▶ DESCRIPTION OF THE TASK
Output nothing except the lines from the one containing "Pittsburgh, PA 15237" through the final line of the data, both included, typed exactly, minus the pictures.

--- DATASET CONTENT ---

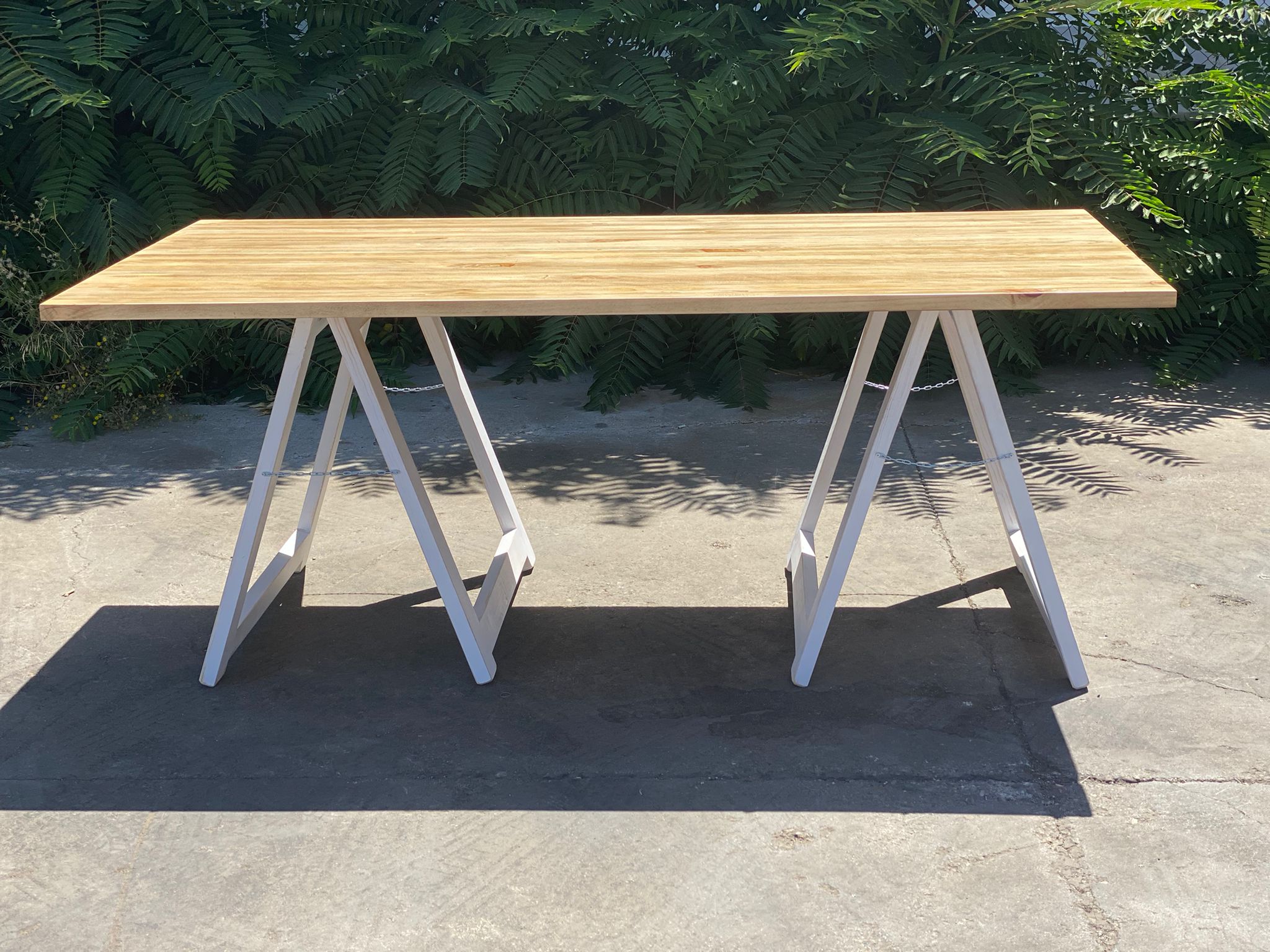 MESA DE MADERA CON CABALLETES 200X100 CM Eventos MilMar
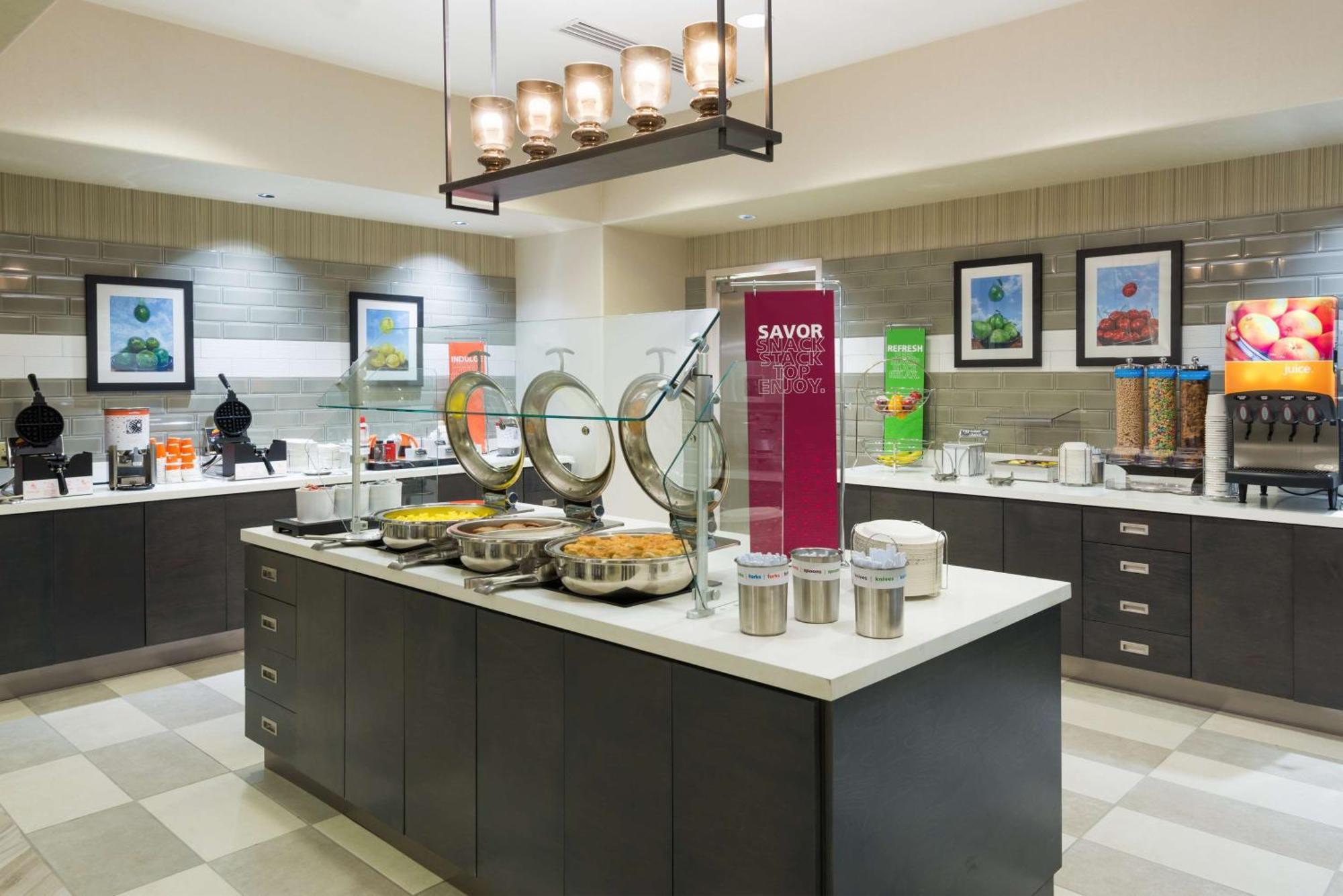Hampton Inn & Suites Tampa Airport Avion Park Westshore Экстерьер фото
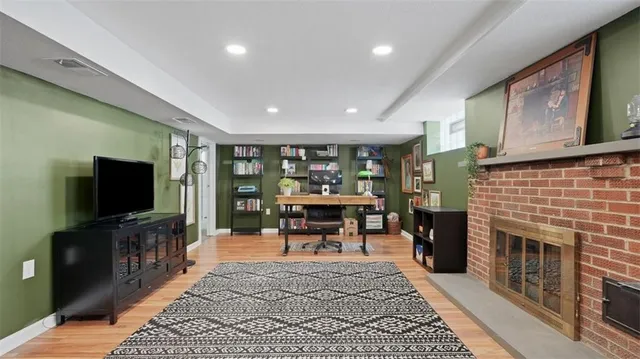 $375,000 | 422 Wimer Drive, Pittsburgh, PA 15237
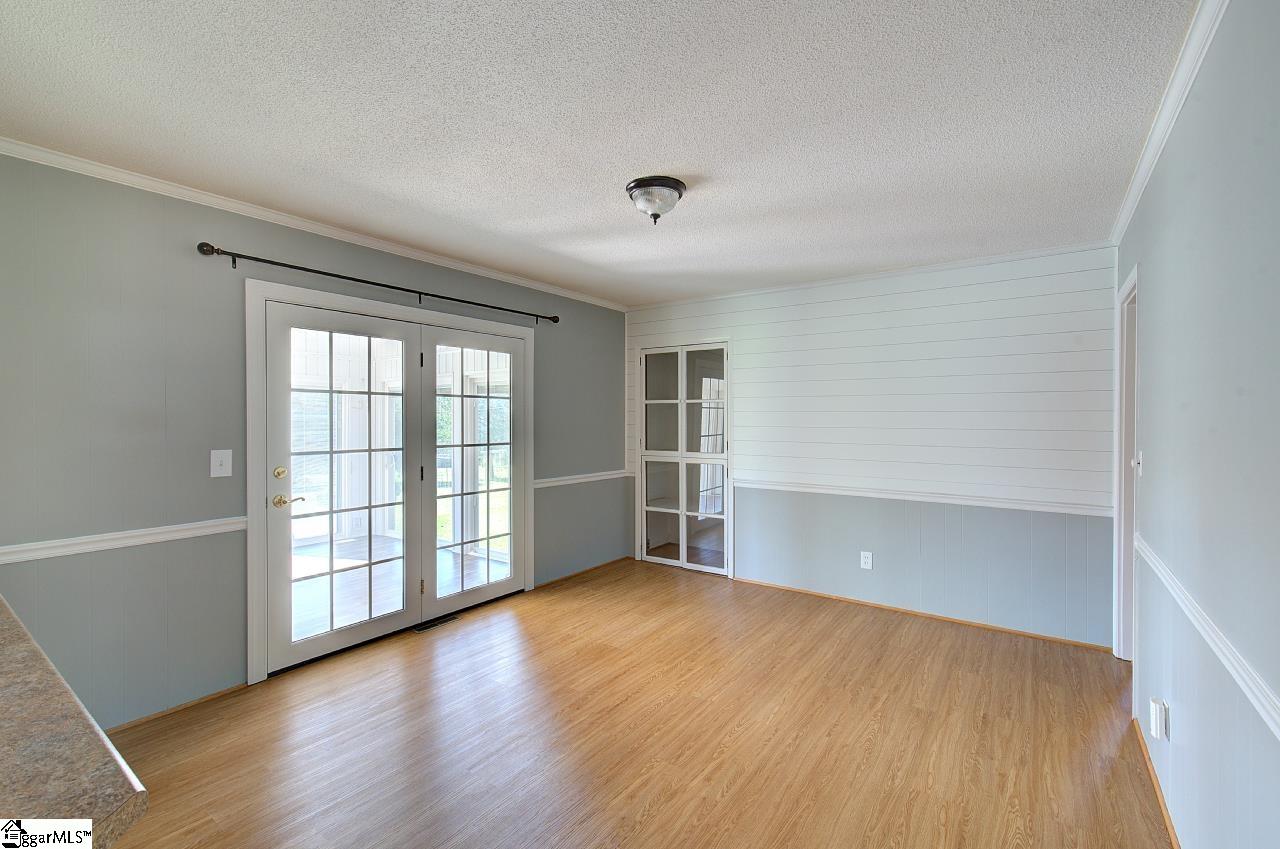 240 Hendricks Road Pickens, SC 29671 - Photo 16 of 39 Gallery Image 16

---

▶ REPLY TO THE TASK
 $375,000 | 422 Wimer Drive, Pittsburgh, PA 15237
 240 Hendricks Road Pickens, SC 29671 - Photo 16 of 39 Gallery Image 16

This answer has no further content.